_SOURCE MATERIAL_.
__________
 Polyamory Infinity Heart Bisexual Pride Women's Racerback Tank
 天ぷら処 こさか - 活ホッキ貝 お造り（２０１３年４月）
__________
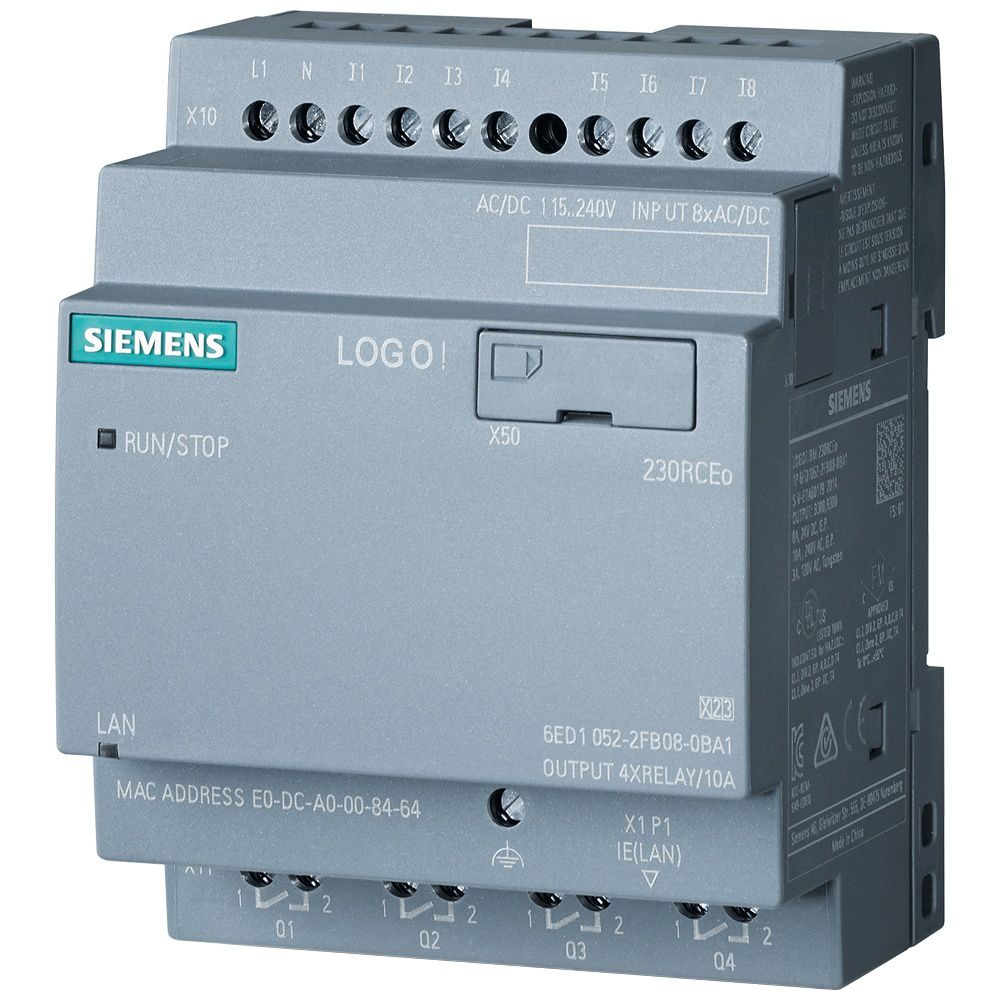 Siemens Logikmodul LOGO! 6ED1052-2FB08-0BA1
__________
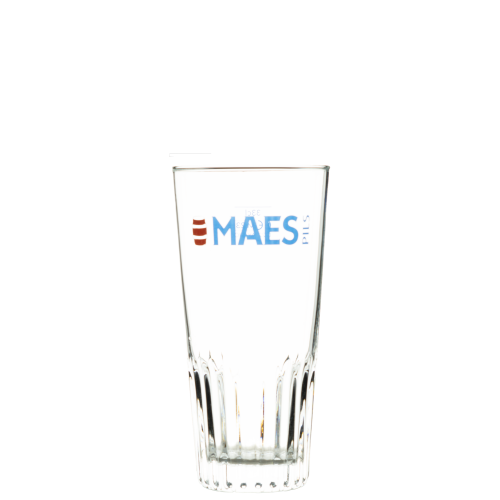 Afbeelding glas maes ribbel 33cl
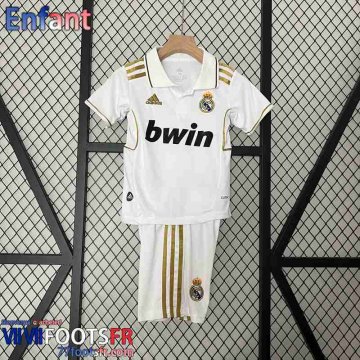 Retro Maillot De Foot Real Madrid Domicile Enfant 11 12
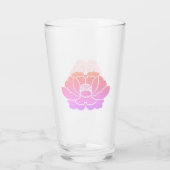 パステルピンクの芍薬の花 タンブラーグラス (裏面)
__________
_WHAT IS REQUIRED_. Going back to the data above, write out everything from the line with "Afbeelding glas maes ribbel 33cl" down to the line with "パステルピンクの芍薬の花 タンブラーグラス (裏面)", both included, leaving every picture out.

_ANSWER TO THIS PROBLEM_.
 Afbeelding glas maes ribbel 33cl
 Retro Maillot De Foot Real Madrid Domicile Enfant 11 12
 パステルピンクの芍薬の花 タンブラーグラス (裏面)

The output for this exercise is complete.